The Bee Compass

Bees on frames in a beehive

Using a dance routine, the bees can tell each other the best place to find nectar, but once they’ve picked up their nectar and pollen, how do they find their way back to the hive? Honeybees have another trick – tiny compasses, in their tummies, that sense the Earth’s magnetic field. There are other creatures that find their way through the earth’s magnetic field and there are a few different types of magnetic materials. One is a type of iron oxide called magnetite, which is naturally magnetic, and we know that lots of creatures have tiny amounts of magnetite in their bodies, the sea turtle being one of them. There’s another type of iron oxide which is paramagnetic. Paramagnetic materials are themselves not magnetic, but they are pulled by magnetic fields. So a non-magnetic paper clip made of soft iron is actually paramagnetic, because it can be pulled by a magnet.

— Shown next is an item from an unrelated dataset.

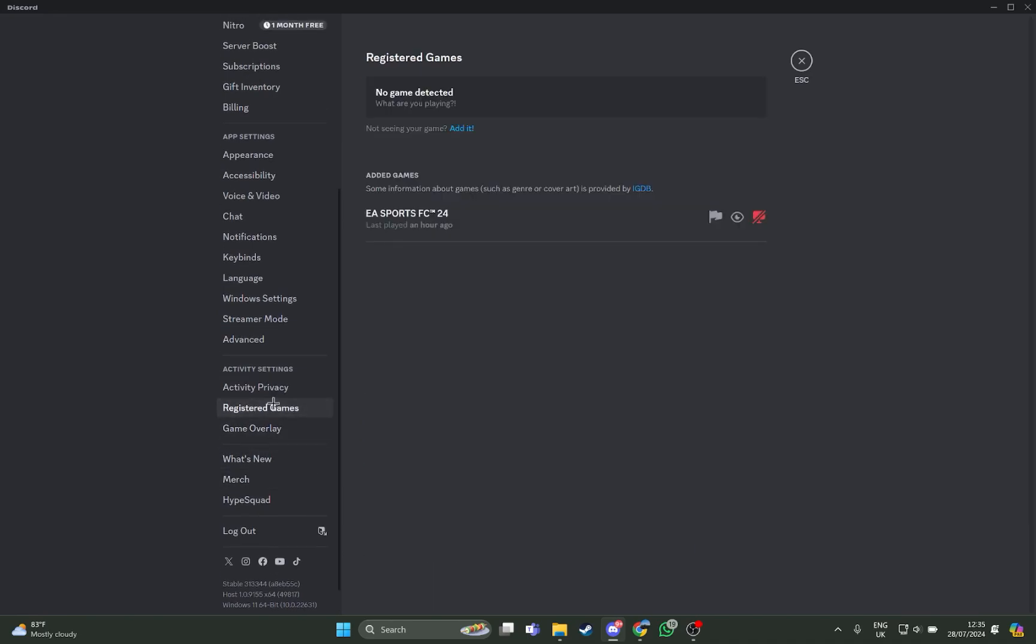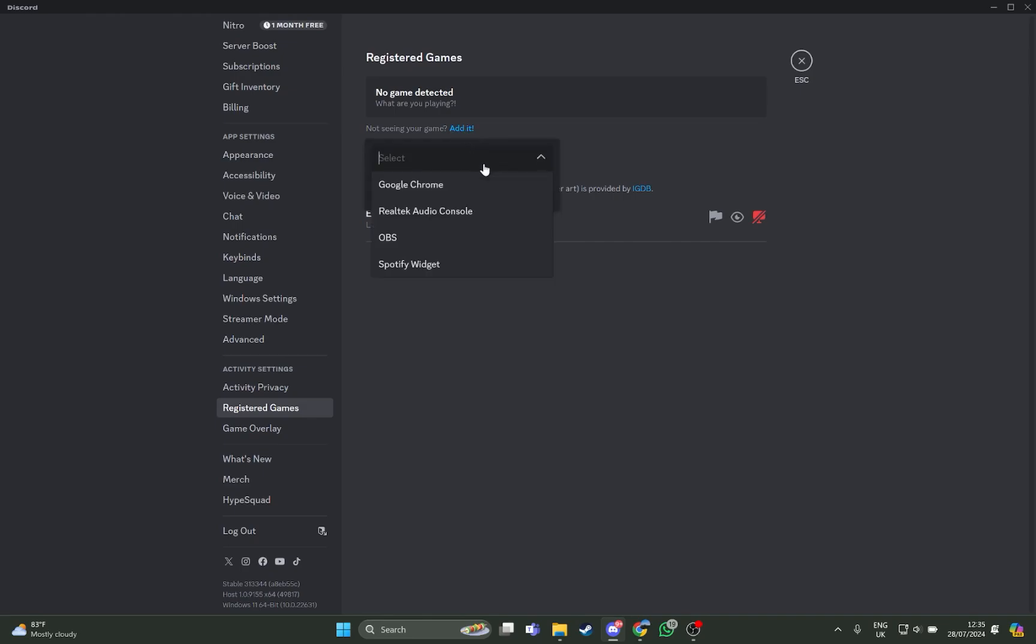Just go on there, and as you go on there, press on the option Add It. All you have to do is just add the games from there.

Honeybees have tiny paramagnetic particles in their bodies. These paramagnetic particles are contained in cells inside the bees’ stomachs. Depending on how they are lined up, these paramagnetic particles can swell or shrink as the external magnetic field changes. These particles are attached to the ”walls” of the cells that they are in.  As they change shape, so do the cell walls. Nerves, attached to the outside of these cells, carry signals to the honeybee’s brain. These magnetic cells in the bees stomachs are like tiny compasses. Honeybees are told how to leave the nest and where to go by the buzzing wings and waggling dance of another honeybee. By using the paramagnetic particles of iron oxide, honey bees use this magnetic navigation to find their way back to the hive.